- **Required work**
Exclude any images and output the remaining records exactly.

- **Collected data**

####

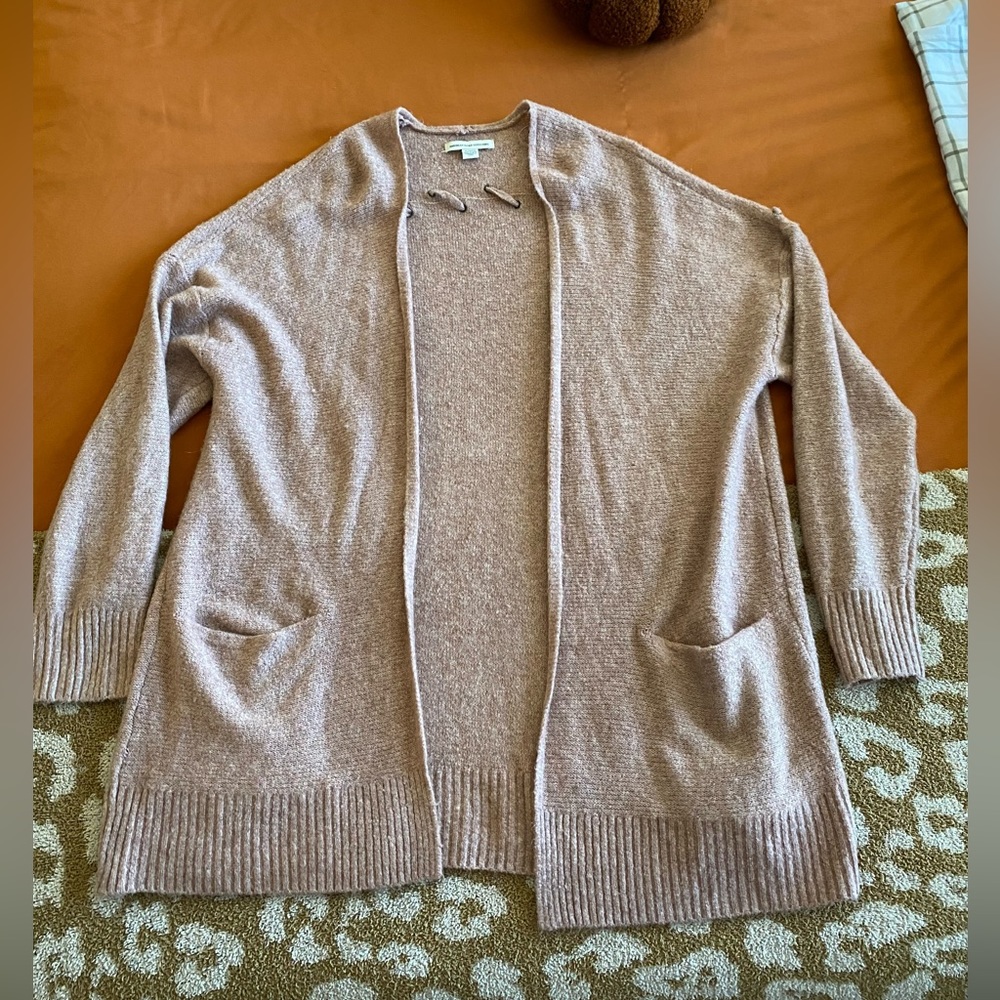 American Eagle pink cardigan - XL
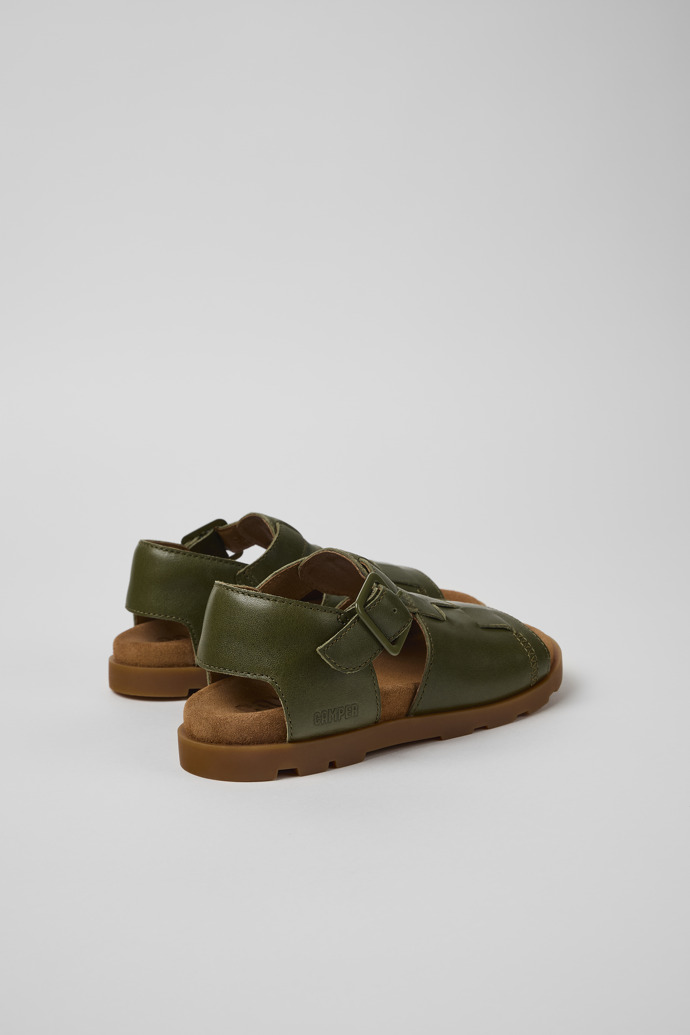Camper Brutus Sandal - Grüne Ledersandalen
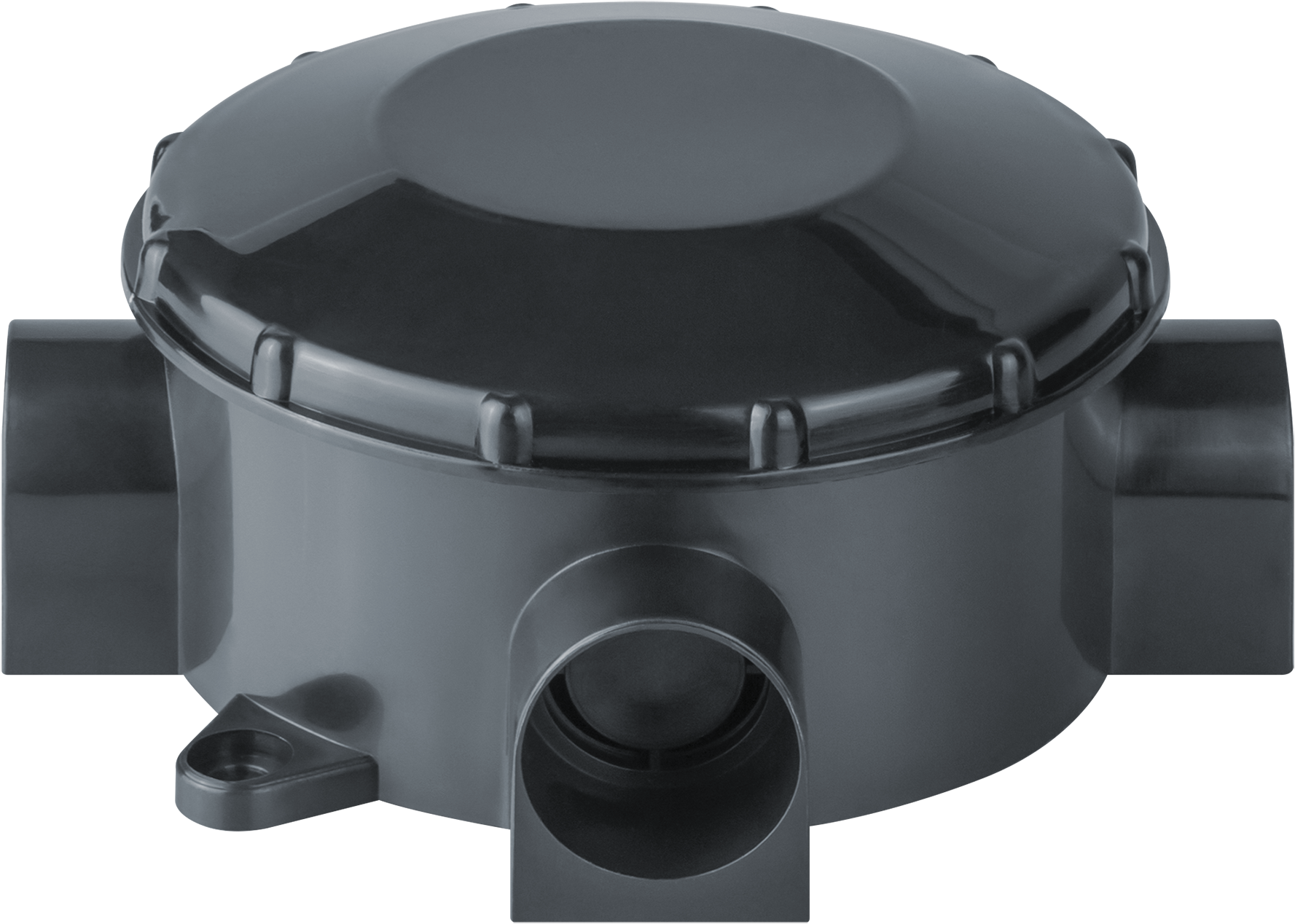 Коробка Navigator NSS-DB-70-35-BL распаячная откр.монт.трехрожковая чер. (150/1/1)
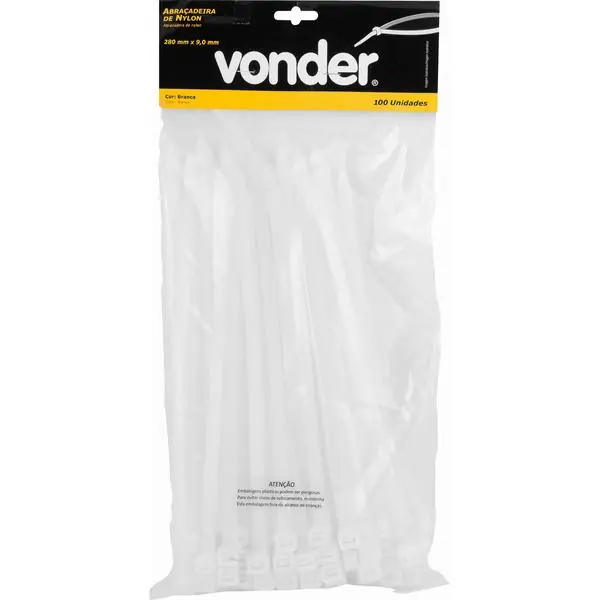 Abrac De Nylon 280x9,0 Branca Conjunto C/ 100 Peças Vonder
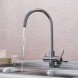 Смеситель для кухни 35k MIXLINE MLSS-03202 СЕРЫЙ  подкл.к фильтру* - MLSS-03202 Серый 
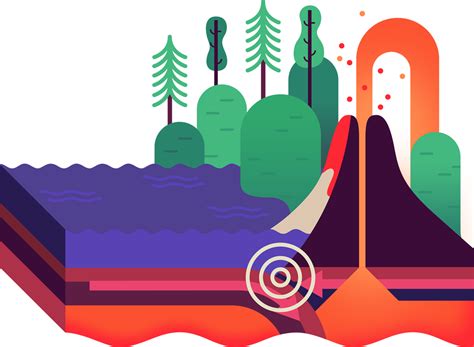 Volcano Diagram — Owen Davey Illustration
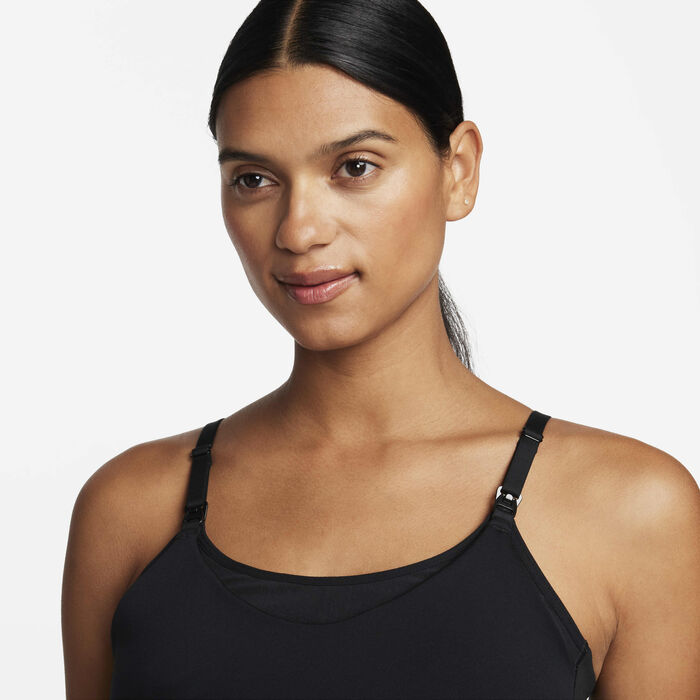 Nike Women's Alate Light-Support Nursing Sports Bra Black image number 2
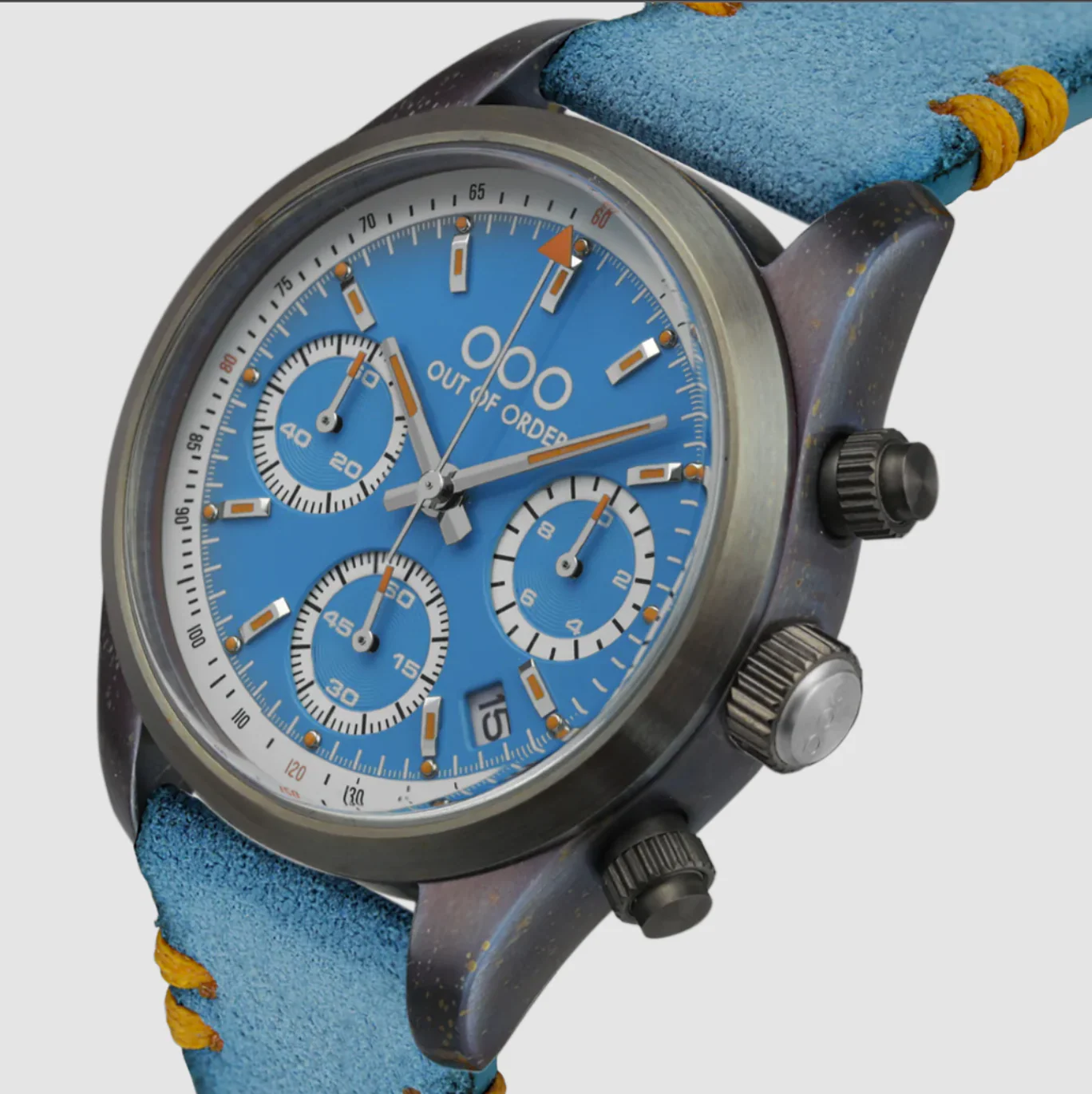 SPORTY CRONOGRAFO Azure / Leather Light Blue Dial - Image 3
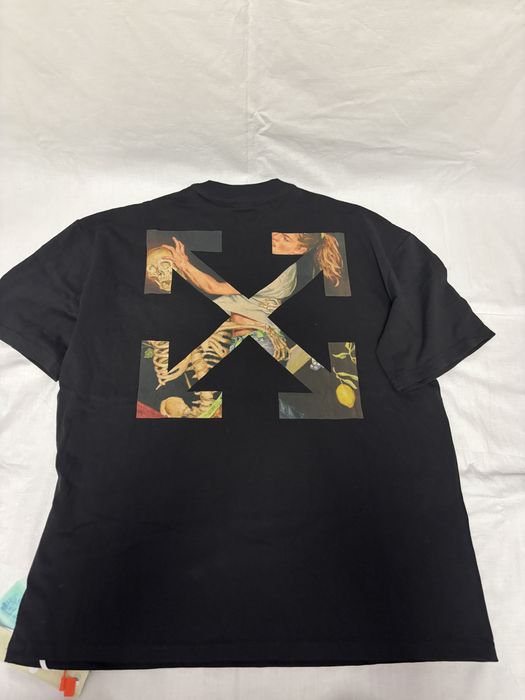 Tricou Off White Carravagio, marimea S fit L “perfect pentru un cadou”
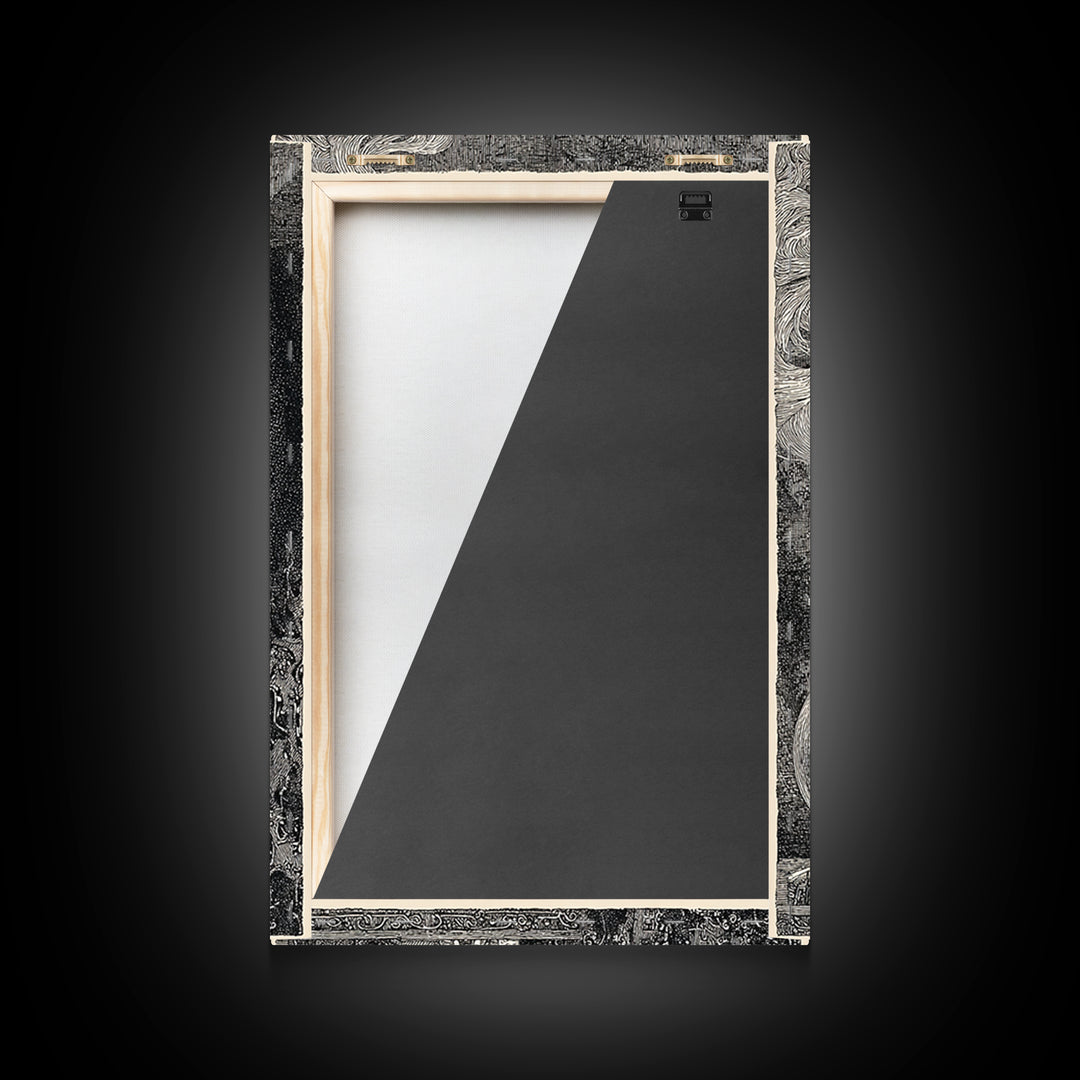 The Midnight Fortune Teller, Victorian Macabre Art, Vertical Wall Art, Macabre Wall Art, Framed Canvas Print, Halloween Wall Art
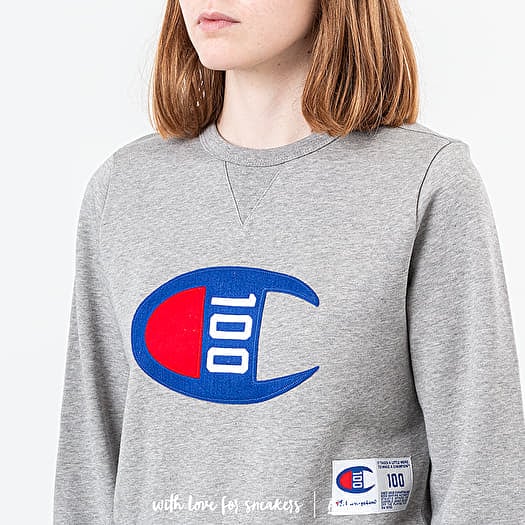 Hoodies and sweatshirts Champion 100th Aniversary Crewneck Grey Footshop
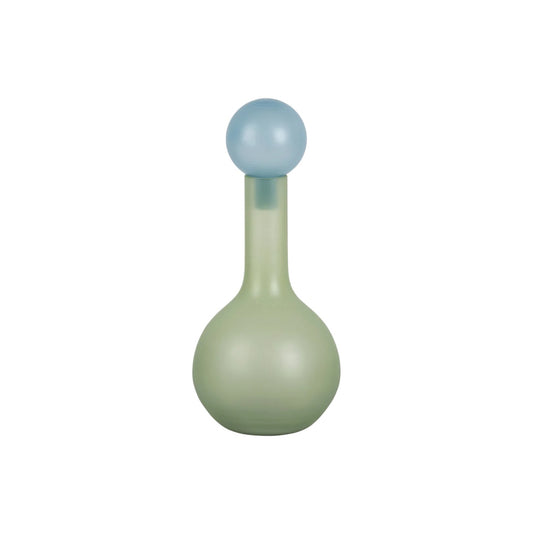 Carafe décorative en verre pour service de boissons - 10 x 10 x 25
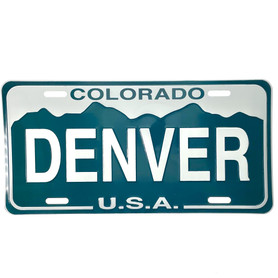 Denver Mountain license Plate 1 Count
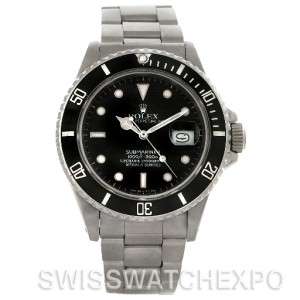 Rolex Submariner Vintage Steel Mens Watch 168000  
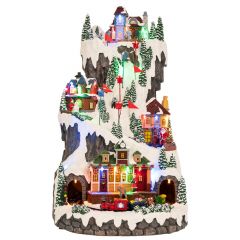 Iliadis Χριστουγεννιατικη Πιστα Σκι Με Φως Και Κινηση 30Χ35Χ52Εκ Ρευματος 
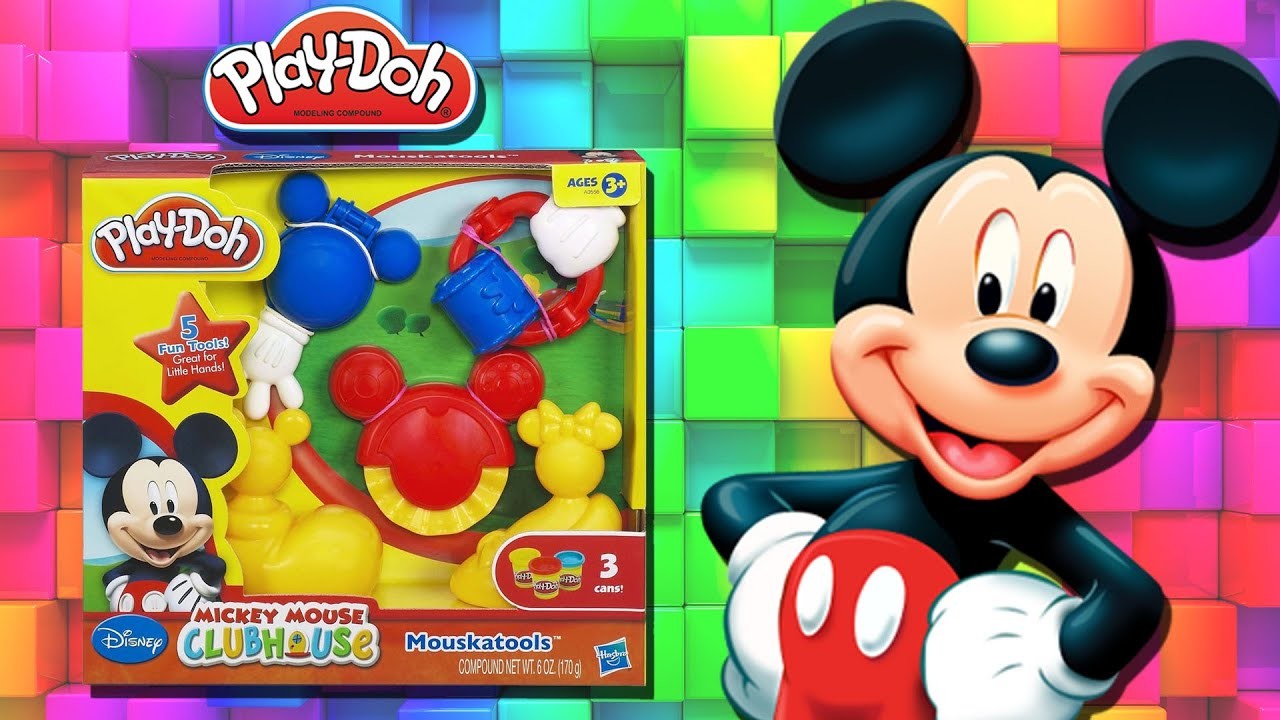 Mickey Mouse de Massinha Play-Doh Português - Brinquedo com Massinha de Modelar
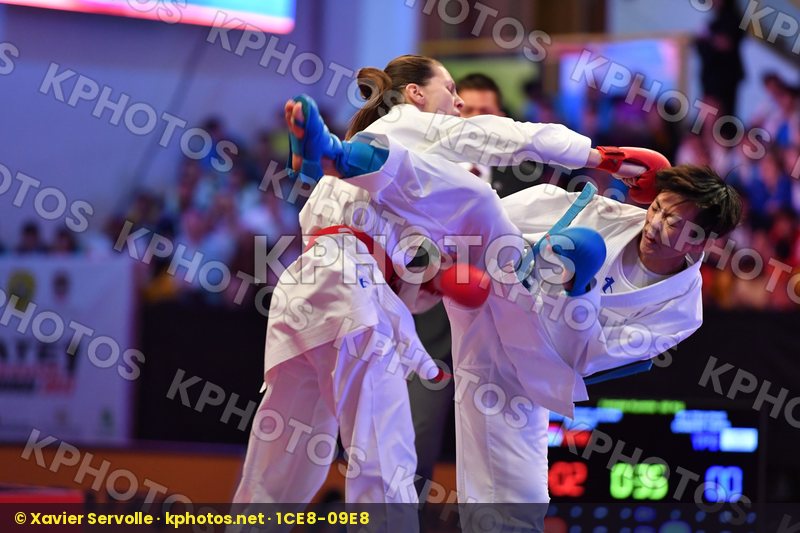 Chinese taipei Female kumite -50 kg Ku Tsui-ping Milivojcevic Je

####

- **Response below**
 American Eagle pink cardigan - XL
Camper Brutus Sandal - Grüne Ledersandalen
 Коробка Navigator NSS-DB-70-35-BL распаячная откр.монт.трехрожковая чер. (150/1/1)
 Abrac De Nylon 280x9,0 Branca Conjunto C/ 100 Peças Vonder
 Смеситель для кухни 35k MIXLINE MLSS-03202 СЕРЫЙ  подкл.к фильтру* - MLSS-03202 Серый 
 Volcano Diagram — Owen Davey Illustration
 Nike Women's Alate Light-Support Nursing Sports Bra Black image number 2
 SPORTY CRONOGRAFO Azure / Leather Light Blue Dial - Image 3
 Tricou Off White Carravagio, marimea S fit L “perfect pentru un cadou”
 The Midnight Fortune Teller, Victorian Macabre Art, Vertical Wall Art, Macabre Wall Art, Framed Canvas Print, Halloween Wall Art
 Hoodies and sweatshirts Champion 100th Aniversary Crewneck Grey Footshop
 Carafe décorative en verre pour service de boissons - 10 x 10 x 25
 Denver Mountain license Plate 1 Count
 Rolex Submariner Vintage Steel Mens Watch 168000  
 Iliadis Χριστουγεννιατικη Πιστα Σκι Με Φως Και Κινηση 30Χ35Χ52Εκ Ρευματος 
 Mickey Mouse de Massinha Play-Doh Português - Brinquedo com Massinha de Modelar
 Chinese taipei Female kumite -50 kg Ku Tsui-ping Milivojcevic Je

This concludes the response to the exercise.